Caption-style text data:

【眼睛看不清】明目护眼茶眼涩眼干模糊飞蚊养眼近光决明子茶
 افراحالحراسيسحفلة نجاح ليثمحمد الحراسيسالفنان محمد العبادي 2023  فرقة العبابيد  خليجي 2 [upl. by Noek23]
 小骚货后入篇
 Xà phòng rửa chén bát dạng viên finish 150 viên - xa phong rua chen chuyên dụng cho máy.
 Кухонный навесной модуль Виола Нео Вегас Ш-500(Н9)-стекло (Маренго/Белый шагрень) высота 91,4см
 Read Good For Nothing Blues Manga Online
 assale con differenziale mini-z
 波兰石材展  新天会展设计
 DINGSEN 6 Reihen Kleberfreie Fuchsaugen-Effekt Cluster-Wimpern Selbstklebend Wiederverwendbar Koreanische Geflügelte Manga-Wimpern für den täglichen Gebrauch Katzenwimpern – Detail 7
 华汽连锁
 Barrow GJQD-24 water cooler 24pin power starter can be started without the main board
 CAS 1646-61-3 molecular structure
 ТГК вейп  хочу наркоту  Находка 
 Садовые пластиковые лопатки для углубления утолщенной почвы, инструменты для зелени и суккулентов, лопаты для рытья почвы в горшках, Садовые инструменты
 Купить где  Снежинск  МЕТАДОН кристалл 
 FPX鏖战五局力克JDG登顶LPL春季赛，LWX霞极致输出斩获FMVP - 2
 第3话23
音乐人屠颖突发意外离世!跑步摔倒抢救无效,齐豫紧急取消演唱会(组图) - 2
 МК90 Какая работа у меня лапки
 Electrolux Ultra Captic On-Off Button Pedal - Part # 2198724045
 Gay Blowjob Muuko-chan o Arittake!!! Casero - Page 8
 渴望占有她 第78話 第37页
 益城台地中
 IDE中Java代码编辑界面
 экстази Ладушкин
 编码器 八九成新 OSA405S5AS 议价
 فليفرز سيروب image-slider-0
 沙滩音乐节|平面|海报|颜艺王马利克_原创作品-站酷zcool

### Work required:
Provide a faithful, complete copy of the entries above.

### Solved exercise:
【眼睛看不清】明目护眼茶眼涩眼干模糊飞蚊养眼近光决明子茶
 افراحالحراسيسحفلة نجاح ليثمحمد الحراسيسالفنان محمد العبادي 2023  فرقة العبابيد  خليجي 2 [upl. by Noek23]
 小骚货后入篇
 Xà phòng rửa chén bát dạng viên finish 150 viên - xa phong rua chen chuyên dụng cho máy.
 Кухонный навесной модуль Виола Нео Вегас Ш-500(Н9)-стекло (Маренго/Белый шагрень) высота 91,4см
 Read Good For Nothing Blues Manga Online
 assale con differenziale mini-z
 波兰石材展  新天会展设计
 DINGSEN 6 Reihen Kleberfreie Fuchsaugen-Effekt Cluster-Wimpern Selbstklebend Wiederverwendbar Koreanische Geflügelte Manga-Wimpern für den täglichen Gebrauch Katzenwimpern – Detail 7
 华汽连锁
 Barrow GJQD-24 water cooler 24pin power starter can be started without the main board
 CAS 1646-61-3 molecular structure
 ТГК вейп  хочу наркоту  Находка 
 Садовые пластиковые лопатки для углубления утолщенной почвы, инструменты для зелени и суккулентов, лопаты для рытья почвы в горшках, Садовые инструменты
 Купить где  Снежинск  МЕТАДОН кристалл 
 FPX鏖战五局力克JDG登顶LPL春季赛，LWX霞极致输出斩获FMVP - 2
 第3话23
音乐人屠颖突发意外离世!跑步摔倒抢救无效,齐豫紧急取消演唱会(组图) - 2
 МК90 Какая работа у меня лапки
 Electrolux Ultra Captic On-Off Button Pedal - Part # 2198724045
 Gay Blowjob Muuko-chan o Arittake!!! Casero - Page 8
 渴望占有她 第78話 第37页
 益城台地中
 IDE中Java代码编辑界面
 экстази Ладушкин
 编码器 八九成新 OSA405S5AS 议价
 فليفرز سيروب image-slider-0
 沙滩音乐节|平面|海报|颜艺王马利克_原创作品-站酷zcool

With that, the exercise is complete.